I have, these last few months, been documenting the current state of geopolitics — specifically the growing isolation of the West, the ditching of the dollar as the global reserve currency, the growing unity between the authoritarian Eurasian nations, and the brewing storm in the middle east between Israel and Iran.
Now another piece of the puzzle falls into place.
Pakistan yesterday warned Britain to help stop the American “Drone Wars” that are slaughtering hundreds of its innocent civilians.
The nuclear power chillingly declared it “has the means” to retaliate unless the carnage ceases.
Pakistan’s High Commissioner to Britain Wajid Shamsul Hasan told The Sun in an exclusive interview that his country’s relations with America are at their lowest ebb.
He said: “Patience is definitely reaching exhaustion levels.” Mr Hasan said Pakistan backs the War on Terror waged by Britain and the US.
But he urged PM David Cameron to condemn US drone attacks on al-Qaeda and Taliban training camps in the north west of his country — dubbing them as “war crimes” and “little more than state executions”.
Tough-talking Mr Hasan also declared Pakistan would have no choice but to support Iran if “aggressive” Israel attacks it
This isn’t a joke. This isn’t “just rhetoric”. This is Eurasia uniting to keep America out, to trample American and Israeli interests, and to dominate geopolitics. Let me be clear: this is the systemic and complete failure of 40 years of American foreign and domestic policy.
From Zbigniew Brzezinski’s Grand Chessboard (pp. 31):
[H]ow America manages Eurasia is critical. A power that dominates Eurasia would control two of the world’s three most advanced and economically productive regions. A mere glance at the map also suggests that control over Eurasia would almost automatically entail Africa’s subordination, rendering the Western Hemisphere and Oceania (Australia) geopolitically peripheral to the world’s central continent. About 75 per cent of the world’s people live in Eurasia, and most of the world’s physical wealth is there as well, both in its enterprises and underneath its soil. Eurasia accounts for about three-fourths of the world’s known energy resources.

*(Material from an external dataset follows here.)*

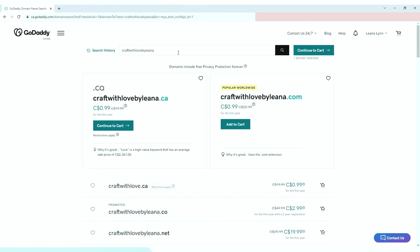I live in Canada, that is why GoDaddy suggested the .ca, so it is up to me if I will choose .ca or .com. Here I will choose .ca, then click continue to cart.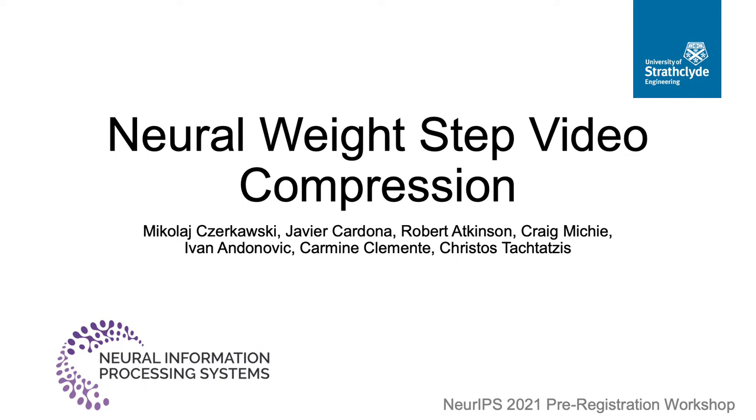Hi, my name is Mikołaj Cerkowski and it is my pleasure to introduce the work of mine and my fellow authors on neural weight step video compression.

With Eurasia uniting around Russia and China (exemplified by their joint veto on Syria) it seems like America — stripped by globalisation of her productive base, and thus dependent on Eurasian resources and manufacturing — is about to lose the colossal free lunch she has enjoyed since the 1970s. And American aggression to impose its will on the Eurasian powers is becoming less and less viable. America is not only deeply in debt to her enemies, but would find herself gravely injured by any future trade war.
Of course, there is a path forward for America. But it is not the path desired by the current administration:
A sensible American plan going forward would recognise [these issues], and would be developing the means and the infrastructure to end America’s free lunch — specifically, through redeveloping American manufacturing capacity and supply chains, and scaling back America’s role as global policeman. Unfortunately, I see no such thing from government, and very little from private industry. America is clinging onto the old foreign policy doctrines — that if America is powerful enough, and if it can retain its role as global hegemon and world policeman, then it will always be free to consume a chunk of the rest of the world’s production and resources, because its currency will forever be the global reserve. But that simply isn’t true — Russia and China have already ditched the dollar for bilateral trade.
But this is bigger than just the implications for America. We are moving into a new era; a new world order, a multi-polar (bipolar? tripolar? apolar?) world.
What will this mean for the rest of the world and all her citizens? I have very little clue — but hopefully not world war, or trade war, or proxy war. Hopefully America will gracefully accept the end of American hegemony. Hopefully the new powers will be gracious and fair toward the old ones. Hopefully the new world will be friendlier to liberty, friendlier to freedom.
But given that the new bloc’s powers all exude authoritarian rhetoric, I doubt it.
Most concerningly, regular readers will be aware that Pakistan are the second Eurasian power to pledge military support to Iran in the case of an Israeli attack. These nations know the score: the last hope for American imperial hegemony is to bring the Arab Spring to Moscow, Beijing, Tehran, and Islamabad.